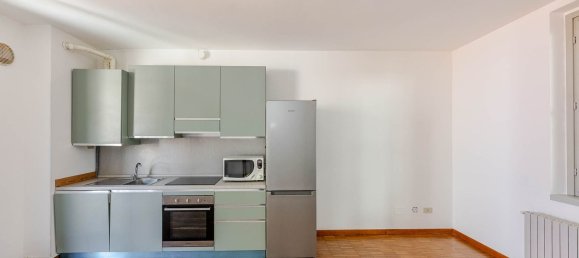 Квартира с 3 комнатами в Лавено-Момбелло, Италия № 129578 5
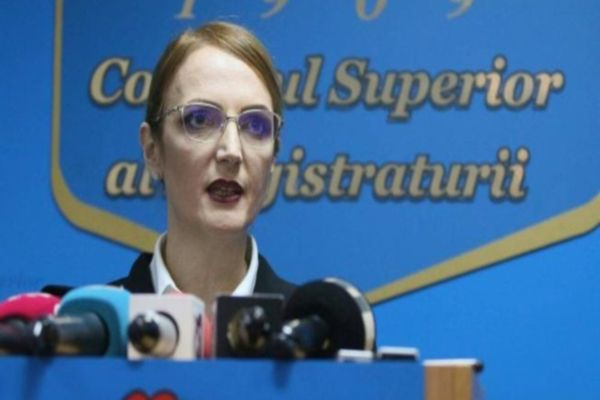 Reziștii se mobilizează pentru revocarea Liei Savonea de la conducerea ÎCCJ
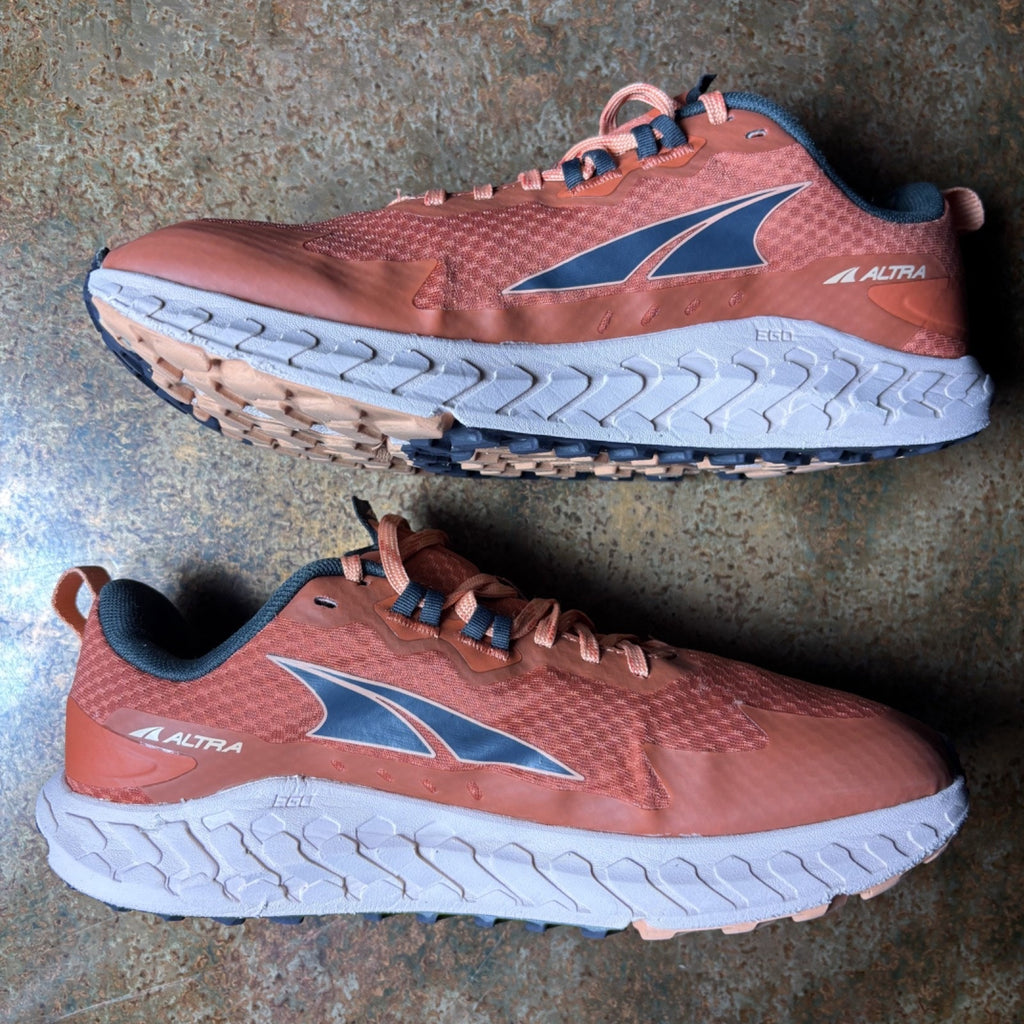 Altra Outroad Shoes Womens Sz 9.5 Orange Trail Running Outdoor Athletic Sneakers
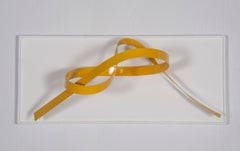 „Yellow Steel 1 Wall“ – Abstrakte Skulptur – Kunstwerk des 21. Jahrhunderts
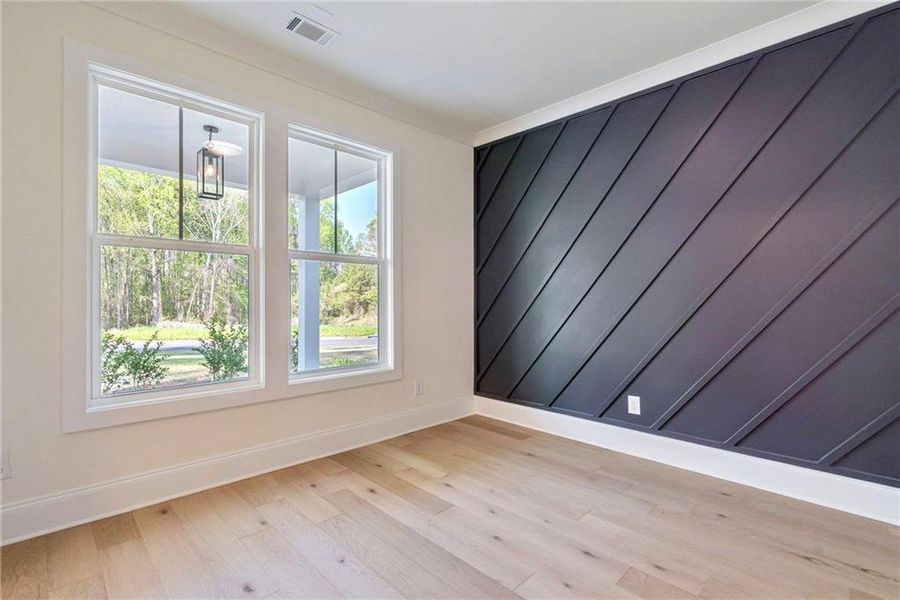 Spacious, unfurnished interior of a new home in , Atlanta (Image 18).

> What you have to do
Please retype exactly the lines from the one containing "des 21. Jahrhunderts" through the last line of the records, both included, leaving out every picture.

> Answer space
 „Yellow Steel 1 Wall“ – Abstrakte Skulptur – Kunstwerk des 21. Jahrhunderts
 Spacious, unfurnished interior of a new home in , Atlanta (Image 18).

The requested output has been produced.